The International Socialists is a Canadian socialist organization which is part of the International Socialist Tendency. The IS in Canada publishes Socialist Worker, an English-language monthly paper, and holds an annual Marxism conference every spring in Toronto.

Early history
The initial members consisted of activists involved in the Movement for an Independent Socialist Canada (better known as the Waffle), which had been forced to leave the social democratic New Democratic Party in 1972. A group of students at York University in Toronto formed a Marxist study group, and came into contact with left-Shachtmanites in the International Socialists (USA), an American group founded by Hal Draper.

After the collapse of the Waffle in late 1974, the group organized itself as the Independent Socialists in February 1975. This reflected the roots of the IS in the Waffle, which had a "left-nationalist" analysis of Canada's place in the world economy. But the name was in contradiction to the internationalist approach of the IS, and by 1976, the group voted to rename itself the International Socialists. From 1975, the IS published a monthly paper called Workers Action. In 1985, the paper was renamed Socialist Worker.

The IS is often identified as the "state-capitalist" group—reflecting the position of the IS that, from 1928 on, Soviet Union was no longer a workers' state, but state capitalist. This is in contrast to Leon Trotsky's position that the Soviet Union was a degenerated workers state. The state capitalist position was not actually central to the group's founding in 1975. Several prominent members adhered to the "bureaucratic collectivist" position associated with Max Shachtman, but by the late 1970s, the majority position in the group was clearly "state capitalist", outlined most clearly in Abbie Bakan's pamphlet, The Great Lie.
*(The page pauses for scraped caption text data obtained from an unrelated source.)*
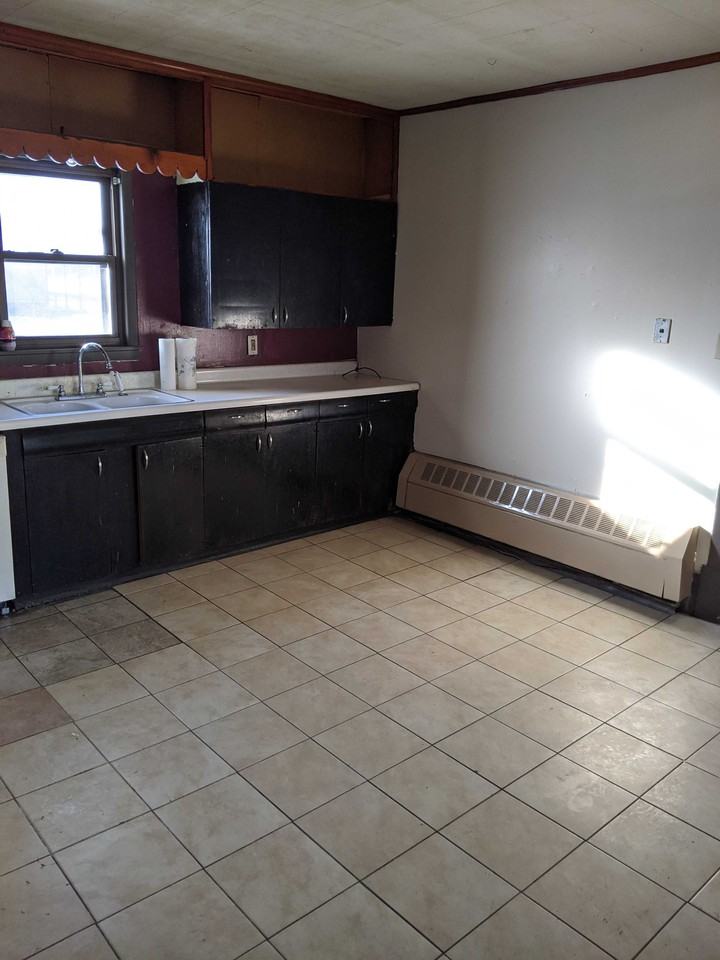 1636 3rd St N - Photo 2 of 10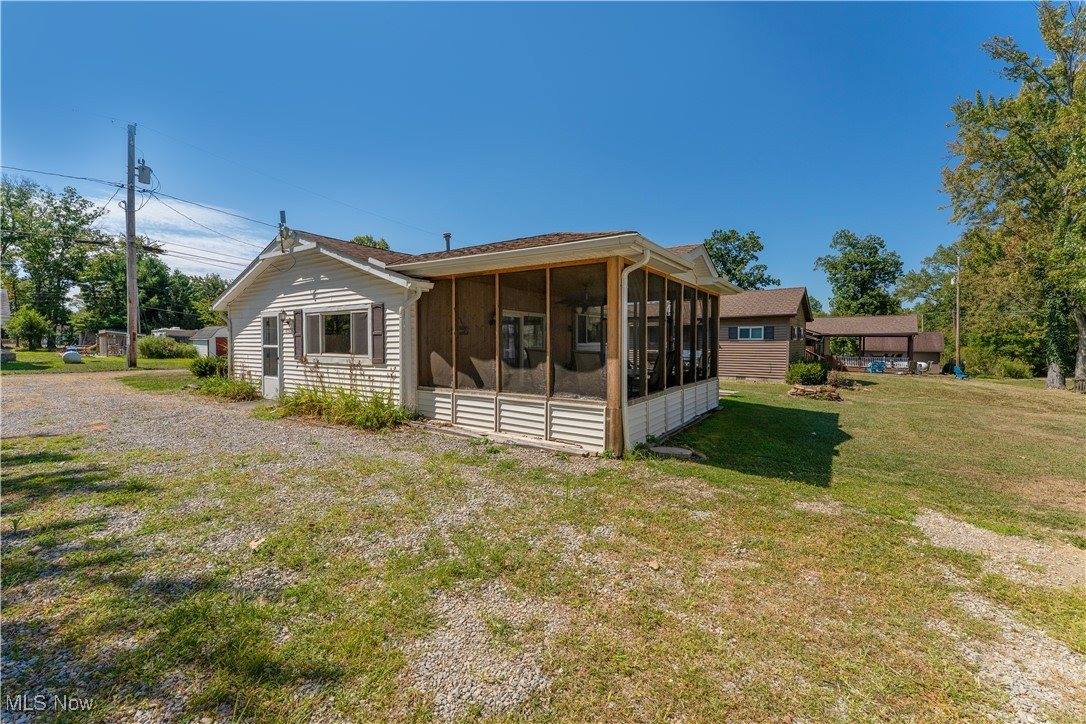 10569 Shadyside Drive, North Benton, OH 44449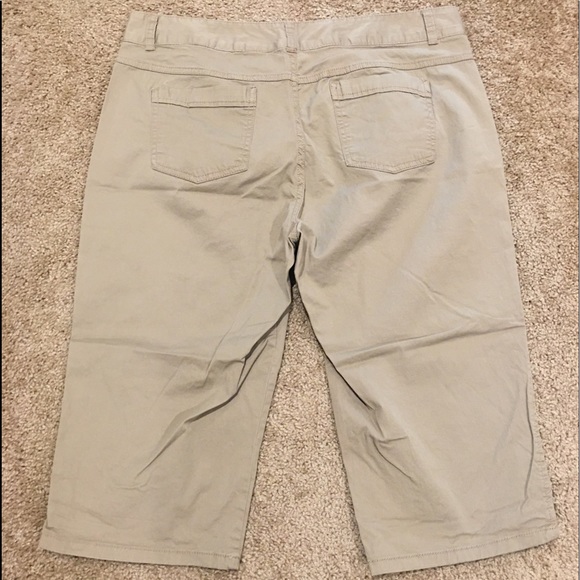 dockers bermuda shorts
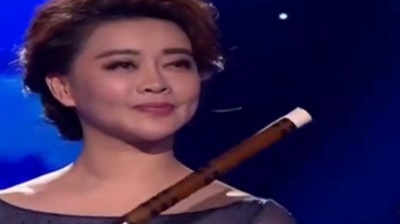 天天音乐汇 - 笛子女神唐俊侨演奏《十五的月亮》，优美动听，余音袅袅，让人陶醉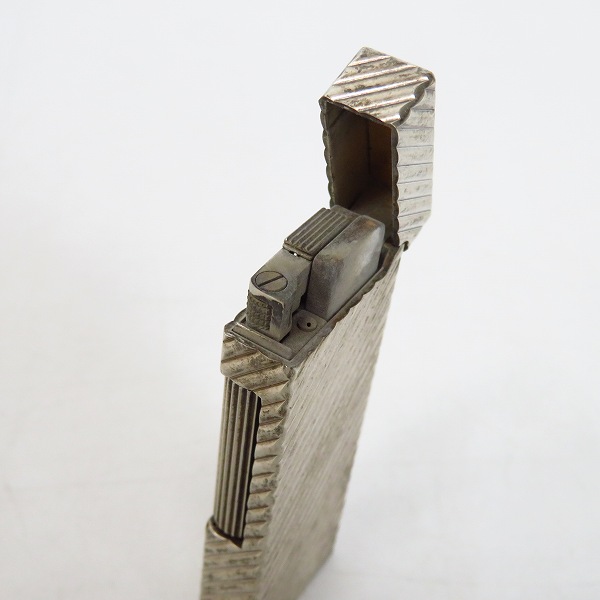 実際に弊社で買取させて頂いたdunhill/ダンヒル 斜柄 サイドローラー ガスライター シルバーの画像 4枚目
During the 1980s, the group was heavily involved in women's struggles, playing an important role in mobilizing support for legal abortion in Canada, largely as a participant in the broader Ontario Coalition for Abortion Clinics. Early in the decade, it was prominent as a defender of the new trade union movement in Poland, Solidarity.

From 1985 to 1986, when the IS was no more than 80 members, a crisis led to the division of the Toronto branch. The Toronto Central branch represented the majority and was led by David McNally. The Toronto East branch represented the minority faction and was led by Abbie Bakan and supported by the Montreal branch. The crisis caused leading members of the Socialist Workers Party (SWP) in the UK to write an open letter of concern, urging the unity of the Toronto branch. Some attributed the dispute to personal animosities between leading members. But there was also a tension between a tendency towards propaganda by the majority, and an emphasis on an interventionist perspective by the minority.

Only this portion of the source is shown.